[nycbug-talk] FreeBSD Testimonials and Support

Isaac Levy ike
Thu Apr 14 14:38:55 EDT 2005


Wordup Pete, Gordon, All,

On Apr 14, 2005, at 2:21 PM, pete wright wrote:

> personally I would not worry too much about the SCO case currently.
>> From what I've read about it, the whole things seems like a trade/IP
> dispute between SCO and IBM.  The linux kernel seems to be involved in
> this for sure, but I don't think it marks the end of linux
> development.  And if I remember correctly Novel or HP or some vendor
> has offered idemnity to linux using clients, but still I think it's a
> bit too early to worry about this.

I'd agree the SCO debacle is pretty much a moot point now for Linux 
dev- but it is noteworthy that the BSD's already went through this 
exact mess, back in the early 90's, and came out on top.  (The BSD 
developers did indeed have systemV code in there, so they ripped it 
out, rewrote what was necessary, and moved on.)

> Although, having said that the BSD liscense has already been tried in
> courts and is much less greedy and restrictive than the GPL liscense.

I'll second that, and without meaning to be negative here, I'll toss 
this recent slashdot news posting in:

'GPL 3.0 to Penalize Google, Amazon?'
http://linux.slashdot.org/article.pl?sid=05/04/08/2148207&tid=98&tid=106
http://www.internetnews.com/dev-news/article.php/3495981

Very uncool, freedom fascism, IMHO.  (I'll be tossing flames to 
/dev/null on those words btw).
Wether or not the GPL 3.0 is applied to retroactively penalize various 
companies or not, it's the *possibility* here that makes my heart sink- 
this kind of junk hurts everyone in Open Source.
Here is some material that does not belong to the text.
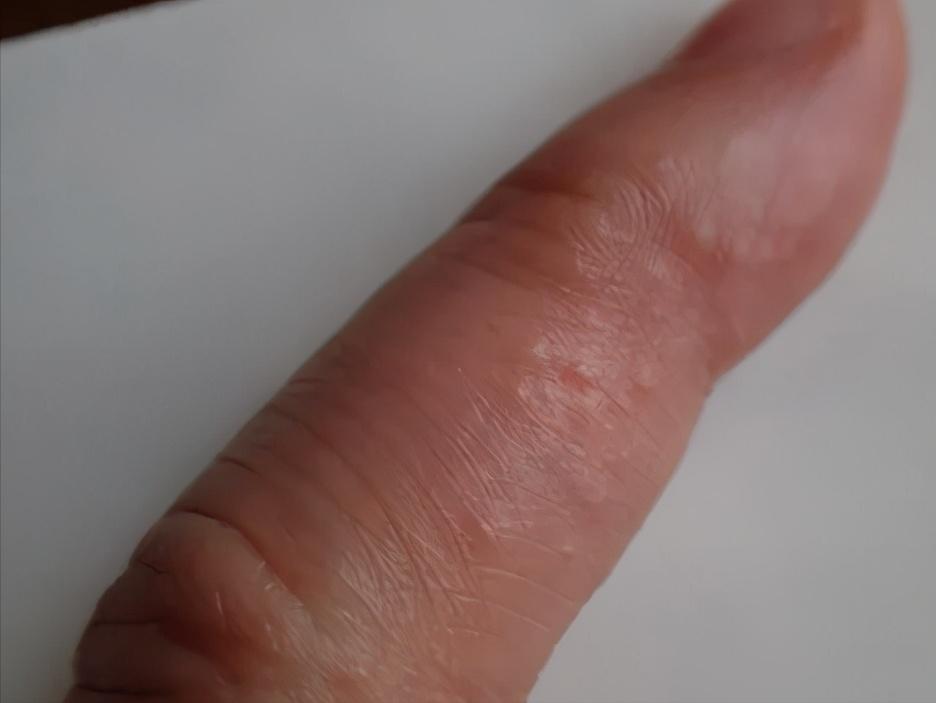 我们经常说的“湿气重”,到底说的是什么?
/me shrugs and draws a clean line on the ground to step away from that 
muck...

I'll stick to the *BSD's for more than just the respective tight OS 
codebases, deep historical roots, and insanely solid performance- the 
Licensing is really important to me.

>  If I was going to base a product on any open techonology I would take
> a serious look at the BSD liscense and how it differs from the GPL
> (not to mention the MIT liscense and all the other one's listed on the
> OSI site).

I'd agree- in most cases, the BSD license gives a company the *most* 
freedom with the source, even the freedom to close it again in the 
future, if some situation/context calls for it.